— WORK REQUEST —
Leave out all pictures. Extract exactly the lines from the one containing "Black Solid Jacket" through the end of the data.

[Short text fragments from websites]
◆ ◆ ◆

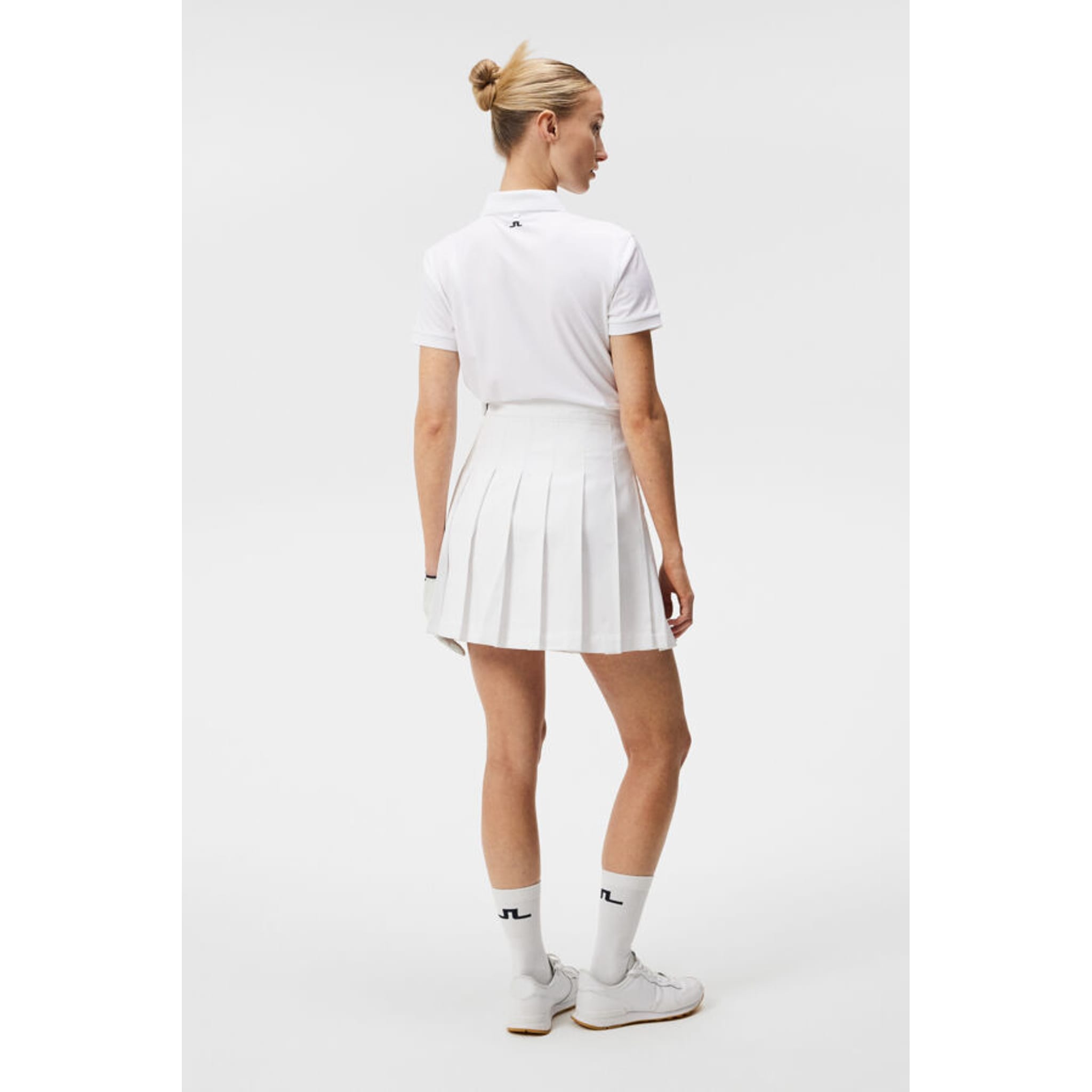 J. Lindeberg Tour Tech polo femme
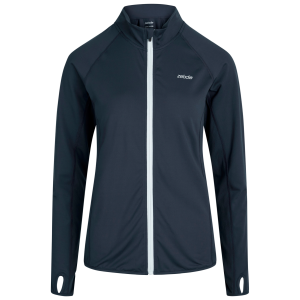 Køb Zebdia Dame Træningsjakke - Navy - L online billigt tilbud rabat tøj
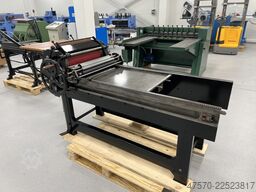 Proofing press 55x65cm Antique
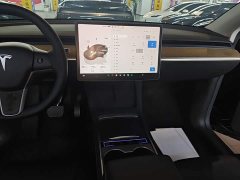 Tesla Model Y Rear-Wheel Drive - ფოტო 13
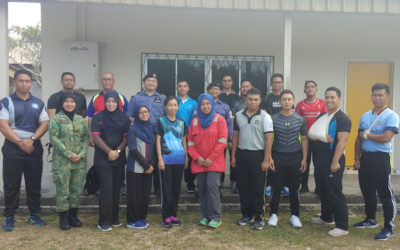 RBN PERSONNEL ATTENDS BATTLEFIELD FIRST AID COURSE 03/2018
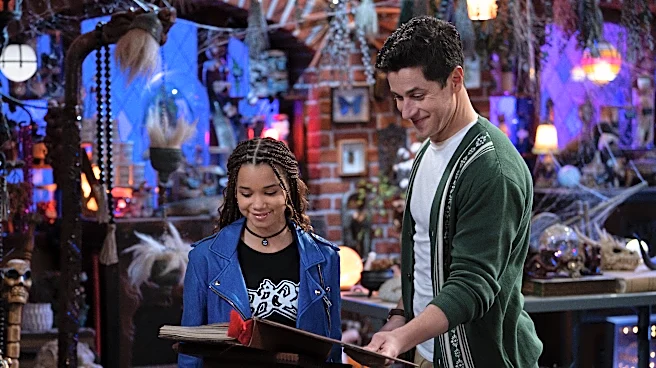 ‘Wizards Beyond Waverly Place’ Four-Part Finale Trailer Released (TV News Roundup)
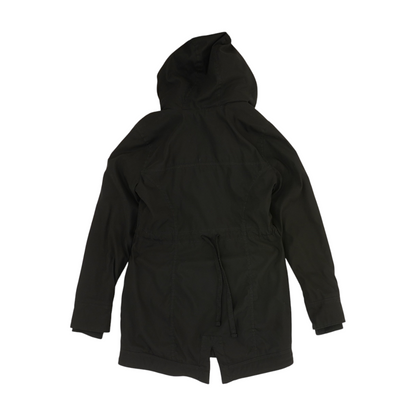 Black Solid Jacket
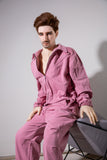 Qita - Nathan 175cm/5ft 9 Male Silicone Head Sex Doll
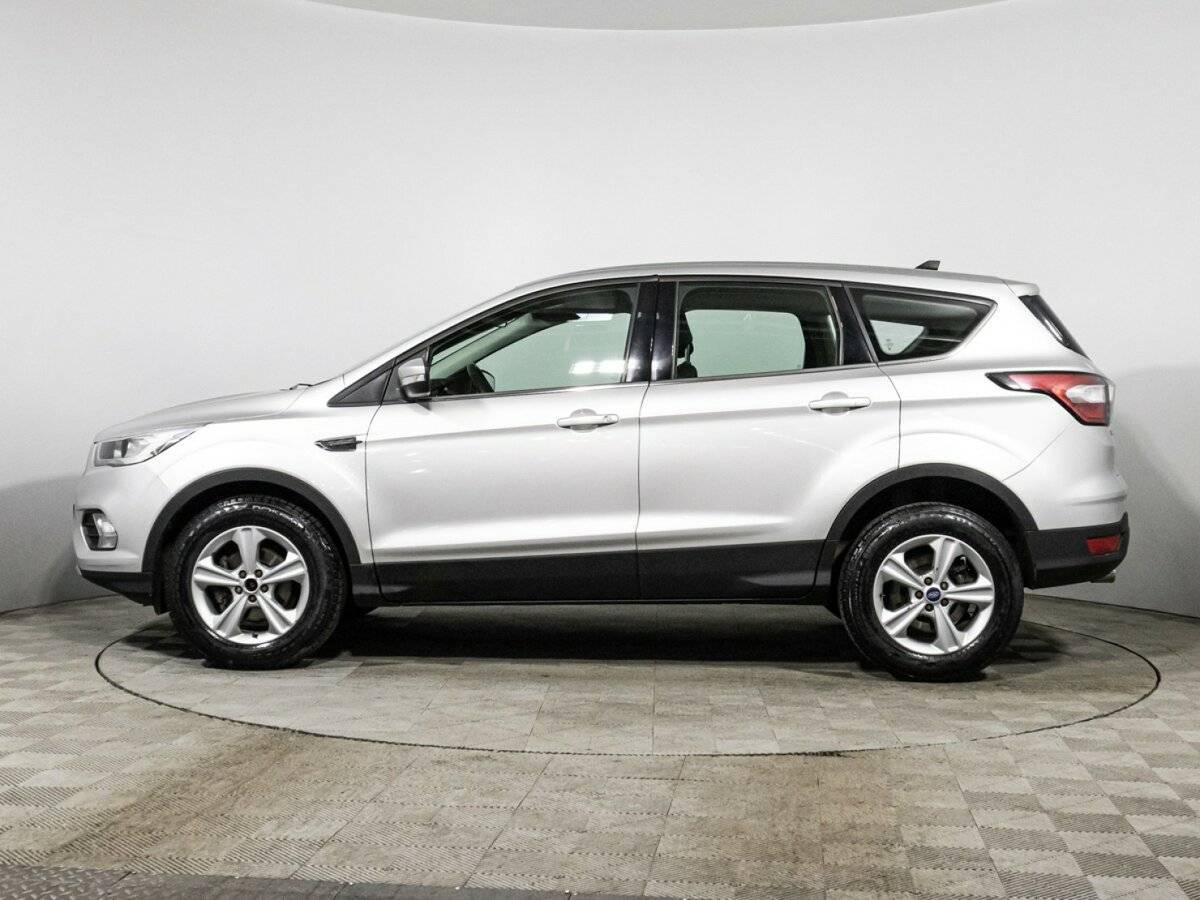 Ford Kuga б/у, 2019, Автоматическая. Фото: #7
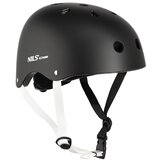 Nils Extreme kaciga crna veličina XS 48–52 cm | shoptok.hr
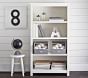 Cameron 4-Shelf Bookcase (30")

◆ ◆ ◆

— OUTPUT FOR THIS EXERCISE —
 Black Solid Jacket
 Qita - Nathan 175cm/5ft 9 Male Silicone Head Sex Doll
 Ford Kuga б/у, 2019, Автоматическая. Фото: #7
 Nils Extreme kaciga crna veličina XS 48–52 cm | shoptok.hr
 Cameron 4-Shelf Bookcase (30")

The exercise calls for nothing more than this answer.